◆ **Exercise goal**
Once you find the line with "Igarapé Grande vai" in the data below, transcribe exactly each line from there to the line with "Реализация проекта площади", inclusive, and nothing else. Drop the pictures.

◆ **Data for review**

########################################

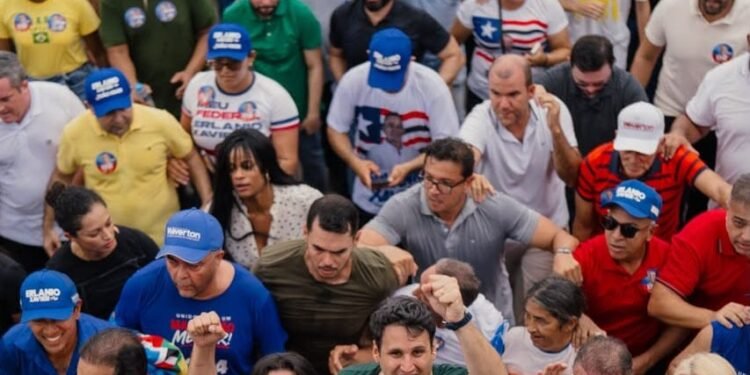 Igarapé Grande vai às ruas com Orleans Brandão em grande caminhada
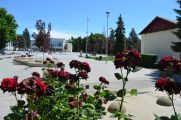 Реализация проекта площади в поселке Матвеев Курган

########################################

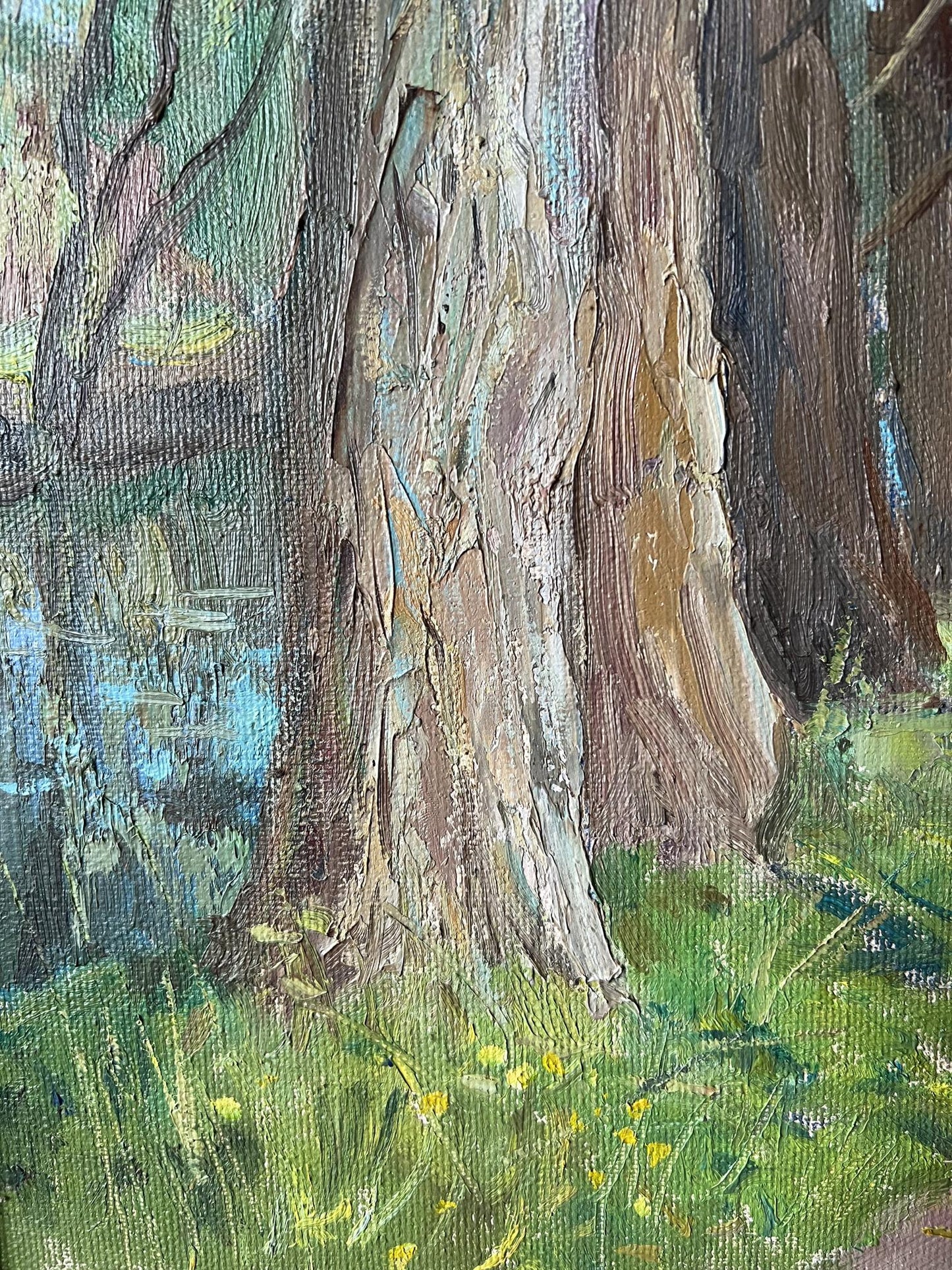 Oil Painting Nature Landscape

########################################

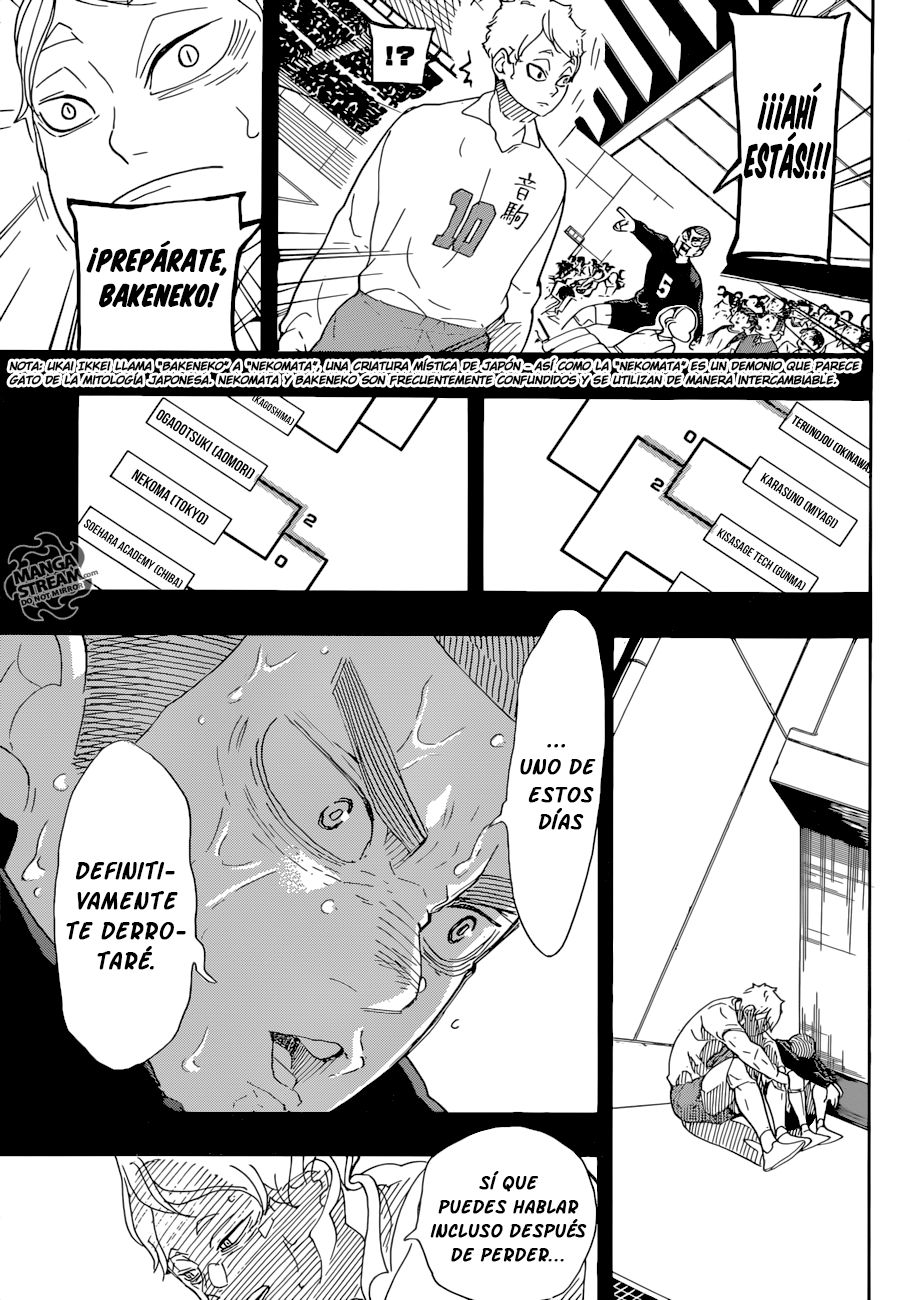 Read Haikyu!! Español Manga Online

########################################

◆ **Answer**
 Igarapé Grande vai às ruas com Orleans Brandão em grande caminhada
 Реализация проекта площади в поселке Матвеев Курган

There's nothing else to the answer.